RECORDS SUPPLIED section start
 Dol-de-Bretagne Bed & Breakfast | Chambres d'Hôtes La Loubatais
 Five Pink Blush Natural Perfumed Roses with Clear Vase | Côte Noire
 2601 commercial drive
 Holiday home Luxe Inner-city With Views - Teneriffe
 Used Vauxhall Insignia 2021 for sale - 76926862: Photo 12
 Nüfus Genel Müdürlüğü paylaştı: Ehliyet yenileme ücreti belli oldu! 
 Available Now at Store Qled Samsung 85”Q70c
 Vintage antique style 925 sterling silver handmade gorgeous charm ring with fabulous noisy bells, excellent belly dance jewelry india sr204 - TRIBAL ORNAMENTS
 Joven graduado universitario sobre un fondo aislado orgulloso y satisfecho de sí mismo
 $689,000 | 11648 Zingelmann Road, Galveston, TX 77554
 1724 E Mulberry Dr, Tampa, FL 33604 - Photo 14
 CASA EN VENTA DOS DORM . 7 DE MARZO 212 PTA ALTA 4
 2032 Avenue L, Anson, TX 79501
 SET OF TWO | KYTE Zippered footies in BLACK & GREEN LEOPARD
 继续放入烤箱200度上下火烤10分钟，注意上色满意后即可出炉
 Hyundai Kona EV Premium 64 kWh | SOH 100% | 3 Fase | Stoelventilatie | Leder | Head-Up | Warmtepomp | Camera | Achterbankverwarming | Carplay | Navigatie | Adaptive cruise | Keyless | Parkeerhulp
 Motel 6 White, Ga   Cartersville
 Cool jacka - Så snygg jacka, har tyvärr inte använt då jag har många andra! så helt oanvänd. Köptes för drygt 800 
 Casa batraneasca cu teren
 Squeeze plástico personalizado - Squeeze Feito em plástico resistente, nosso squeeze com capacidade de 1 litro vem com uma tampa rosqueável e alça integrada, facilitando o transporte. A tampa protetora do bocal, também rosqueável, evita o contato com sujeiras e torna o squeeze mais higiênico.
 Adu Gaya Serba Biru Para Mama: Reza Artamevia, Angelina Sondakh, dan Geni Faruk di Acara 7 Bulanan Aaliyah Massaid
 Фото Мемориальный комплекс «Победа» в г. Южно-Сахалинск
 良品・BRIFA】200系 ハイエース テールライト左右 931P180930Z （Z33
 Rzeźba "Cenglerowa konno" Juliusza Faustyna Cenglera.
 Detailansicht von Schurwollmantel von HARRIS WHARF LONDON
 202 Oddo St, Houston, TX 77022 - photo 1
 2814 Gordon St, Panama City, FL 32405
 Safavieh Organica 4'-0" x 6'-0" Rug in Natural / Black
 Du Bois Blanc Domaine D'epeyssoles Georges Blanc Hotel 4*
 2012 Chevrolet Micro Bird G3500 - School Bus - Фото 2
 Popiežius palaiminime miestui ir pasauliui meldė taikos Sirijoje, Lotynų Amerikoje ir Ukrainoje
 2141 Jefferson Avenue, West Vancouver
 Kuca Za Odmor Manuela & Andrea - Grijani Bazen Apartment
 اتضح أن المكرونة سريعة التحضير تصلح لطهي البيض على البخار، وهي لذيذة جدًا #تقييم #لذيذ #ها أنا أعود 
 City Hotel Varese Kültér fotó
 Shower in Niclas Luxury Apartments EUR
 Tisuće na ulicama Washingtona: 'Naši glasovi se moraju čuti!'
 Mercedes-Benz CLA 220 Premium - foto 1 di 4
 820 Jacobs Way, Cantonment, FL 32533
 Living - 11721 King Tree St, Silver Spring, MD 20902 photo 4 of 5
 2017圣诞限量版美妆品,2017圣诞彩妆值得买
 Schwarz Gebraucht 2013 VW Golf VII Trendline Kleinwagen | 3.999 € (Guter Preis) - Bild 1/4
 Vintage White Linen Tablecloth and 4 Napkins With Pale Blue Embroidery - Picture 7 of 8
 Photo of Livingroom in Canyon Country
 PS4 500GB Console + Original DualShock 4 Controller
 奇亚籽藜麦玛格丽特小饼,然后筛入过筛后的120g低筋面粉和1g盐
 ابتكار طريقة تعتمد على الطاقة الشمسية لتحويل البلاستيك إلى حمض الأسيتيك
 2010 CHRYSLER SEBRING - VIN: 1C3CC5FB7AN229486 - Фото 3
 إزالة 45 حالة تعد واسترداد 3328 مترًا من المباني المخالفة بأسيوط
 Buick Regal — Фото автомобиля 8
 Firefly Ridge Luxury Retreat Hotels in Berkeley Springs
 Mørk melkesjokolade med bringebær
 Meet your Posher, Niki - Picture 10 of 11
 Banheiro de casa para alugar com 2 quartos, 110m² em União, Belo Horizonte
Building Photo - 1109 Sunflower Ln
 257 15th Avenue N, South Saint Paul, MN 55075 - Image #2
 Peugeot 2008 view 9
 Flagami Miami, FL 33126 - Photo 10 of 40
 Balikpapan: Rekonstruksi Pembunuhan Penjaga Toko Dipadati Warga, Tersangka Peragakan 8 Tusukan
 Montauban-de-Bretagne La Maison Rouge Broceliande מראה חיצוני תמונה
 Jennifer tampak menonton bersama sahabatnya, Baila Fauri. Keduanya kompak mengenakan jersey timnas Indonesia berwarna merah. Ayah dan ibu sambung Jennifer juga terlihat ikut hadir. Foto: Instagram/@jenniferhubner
RECORDS SUPPLIED section end
WORK TO BE COMPLETED: Return, unchanged, the run of lines above that opens with the line containing "Photo of Livingroom in Canyon Country" and closes with the line containing "Flagami Miami, FL 33126 - Photo 10 of 40". Include both.

SOLUTION FOR THIS TASK:
 Photo of Livingroom in Canyon Country
 PS4 500GB Console + Original DualShock 4 Controller
 奇亚籽藜麦玛格丽特小饼,然后筛入过筛后的120g低筋面粉和1g盐
 ابتكار طريقة تعتمد على الطاقة الشمسية لتحويل البلاستيك إلى حمض الأسيتيك
 2010 CHRYSLER SEBRING - VIN: 1C3CC5FB7AN229486 - Фото 3
 إزالة 45 حالة تعد واسترداد 3328 مترًا من المباني المخالفة بأسيوط
 Buick Regal — Фото автомобиля 8
 Firefly Ridge Luxury Retreat Hotels in Berkeley Springs
 Mørk melkesjokolade med bringebær
 Meet your Posher, Niki - Picture 10 of 11
 Banheiro de casa para alugar com 2 quartos, 110m² em União, Belo Horizonte
Building Photo - 1109 Sunflower Ln
 257 15th Avenue N, South Saint Paul, MN 55075 - Image #2
 Peugeot 2008 view 9
 Flagami Miami, FL 33126 - Photo 10 of 40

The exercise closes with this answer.